The third of four books (though Curtis Jobling has proposed a fifth) and things aren't going well for Drew Ferran and the Wolf's Council. Book 2 saw the vengeance of catlords of Bast upon the seven realms of Lyssia and Book 3 finds our heroes in dire straits.

Jobling's influences are clear; the first half of the book has a feel of Sinbad's adventures, of Ray Harryhausen and swashbuckling films of old. But like these old adventures the novel does, at first, seem episodic as our heroes find themselves in one bad situation after another. And the Star Wars influence is there again, as one of our heroes has something of Anakin Skywalker about him.

We see more of the world of Lyssia, Drew fighting for his life in the fires of Scoria and the deserts of Omir, and Hector and co. in the icy north of Lyssia and its waters. Drew on his way back up, Hector on his way down. And not just through these contrasts does it feel like a story of two halves, the first, dealing with the aftermath of the last book, the second preparing us for the next.

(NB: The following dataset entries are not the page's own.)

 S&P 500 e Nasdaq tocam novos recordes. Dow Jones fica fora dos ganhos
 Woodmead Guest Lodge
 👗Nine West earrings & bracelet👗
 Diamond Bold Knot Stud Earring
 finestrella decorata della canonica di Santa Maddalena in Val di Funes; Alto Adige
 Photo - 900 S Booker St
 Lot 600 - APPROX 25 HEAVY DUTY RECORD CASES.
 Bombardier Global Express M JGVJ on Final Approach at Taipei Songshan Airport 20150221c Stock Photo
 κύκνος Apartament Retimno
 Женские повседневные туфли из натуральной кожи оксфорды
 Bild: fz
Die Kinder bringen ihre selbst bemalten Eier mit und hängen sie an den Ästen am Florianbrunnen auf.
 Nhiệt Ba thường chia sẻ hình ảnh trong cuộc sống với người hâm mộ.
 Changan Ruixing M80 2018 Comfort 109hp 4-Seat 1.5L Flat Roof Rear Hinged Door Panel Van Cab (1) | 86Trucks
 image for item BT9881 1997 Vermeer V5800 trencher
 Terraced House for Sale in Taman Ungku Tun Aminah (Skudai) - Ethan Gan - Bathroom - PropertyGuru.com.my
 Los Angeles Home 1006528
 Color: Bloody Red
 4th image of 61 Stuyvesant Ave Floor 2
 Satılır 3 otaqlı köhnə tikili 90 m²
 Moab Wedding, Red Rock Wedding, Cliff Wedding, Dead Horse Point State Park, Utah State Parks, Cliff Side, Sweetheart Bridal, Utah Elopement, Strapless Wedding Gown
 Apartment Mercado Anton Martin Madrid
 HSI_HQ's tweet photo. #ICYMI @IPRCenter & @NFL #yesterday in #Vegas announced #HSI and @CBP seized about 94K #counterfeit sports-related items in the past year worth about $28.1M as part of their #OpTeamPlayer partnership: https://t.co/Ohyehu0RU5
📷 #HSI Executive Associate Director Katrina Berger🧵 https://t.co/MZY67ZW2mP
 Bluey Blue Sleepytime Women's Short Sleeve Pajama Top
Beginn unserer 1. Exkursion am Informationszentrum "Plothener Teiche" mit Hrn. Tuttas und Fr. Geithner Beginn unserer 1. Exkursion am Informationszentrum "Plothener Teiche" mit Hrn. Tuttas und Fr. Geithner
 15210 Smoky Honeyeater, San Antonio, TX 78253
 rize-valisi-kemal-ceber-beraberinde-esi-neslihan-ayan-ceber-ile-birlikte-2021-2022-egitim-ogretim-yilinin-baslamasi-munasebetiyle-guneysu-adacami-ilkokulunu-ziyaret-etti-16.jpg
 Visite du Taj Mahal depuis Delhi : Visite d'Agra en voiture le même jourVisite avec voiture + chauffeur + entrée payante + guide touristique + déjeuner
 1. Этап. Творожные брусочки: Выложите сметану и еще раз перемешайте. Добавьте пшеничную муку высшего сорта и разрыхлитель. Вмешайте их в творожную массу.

As usual, Jobling writes with a clear sense of visuals, you can clearly picture the locations, characters and action. And boy is there plenty of action, always bloody, sometimes surprising, and occasionally I found myself muttering "that's cool..." under my breath.

Apart from the odd piece of heavy exposition the dialogue also shines, there are some lovely exchanges and wonderfully drawn characters. We meet a few new characters as well, some comic, some terrifying.

Everything great about this series is still here; great action, proper adventure, genuinely interesting characters, shades of grey and heart wrenching twists and turns.

Fans of the leading ladies Whitley and Gretchen will be disappointed as they get nothing more than lip service, although they are set to play a big part of Book 4. That is perhaps, one of the other problems of being the middle book of a series, there's a lot of moving of chess pieces sometimes at the expense of a more clearly defined standalone narrative. Something else we are still lacking is one truly vile, leading villain. We have plenty of antagonists but few rarely get to steal the show. This is, perhaps, just more realistic, especially with Jobling's willingness to not have every character fall into the well defined camps of good or evil.

Though, to misquote Spinal Tap, when the adventure is this fun, the sequences so thrilling and the characters so interesting, it’s all just nitpicking isn’t it?